A recently discovered distributed denial of service technique that abuses the Web Services Dynamic Discovery specification is being executed in the wild by multiple threat actors to amplify the effects of their attacks, researchers have warned.
The technique is a User Datagram Protocol (UDP) Amplification technique that involves spoofing requests to the WS-Discovery service. WS-Discovery is a specification designed to facilitate the discovery and connectivity of devices and services on a local network.
A spoofing attack leveraging this protocol causes a targeted internet-based server to send an overwhelming number of responses, using up its bandwidth, explains researchers at Akamai Technologies in a blog post yesterday. Akamai recently detected such an attack against one of its own clients in the gaming industry, states blog author Jonathan Respeto, security intelligence response team engineer at Akamai.
Akamai’s SIRT team has determined that WS-Discovery DDoS attacks can generate amplification rates reaching 15,300 percent of the original byte site, giving it the fourth highest reflected amplification factor among all varieties of DDoS attacks. The attack against the gaming company reached a peak bandwidth of 35/Gbps, Respeto notes.

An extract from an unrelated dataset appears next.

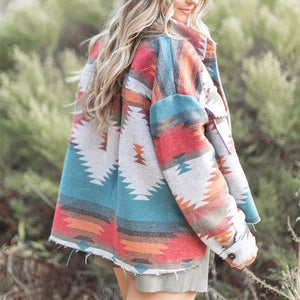 Hippie Tribal Western Retro Aztec Print Pattern Jacket Houndstooth Shacket on sale - SOUISEE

WS-Discovery’s role in DDoS attacks was originally disclosed back in August by ZDNet, which at the time reported that in-the-wild attacks exploiting this vector have been taking place as far back as May 2019. Citing internet search engine BinaryEdge, the report at the time said that almost 630,000 devices were confirmed to support the protocol and were therefore vulnerable. Susceptible devices include IP cameras, home appliances, printers, CCTV systems and DVRs, according to the ZDNet and Akamai reports.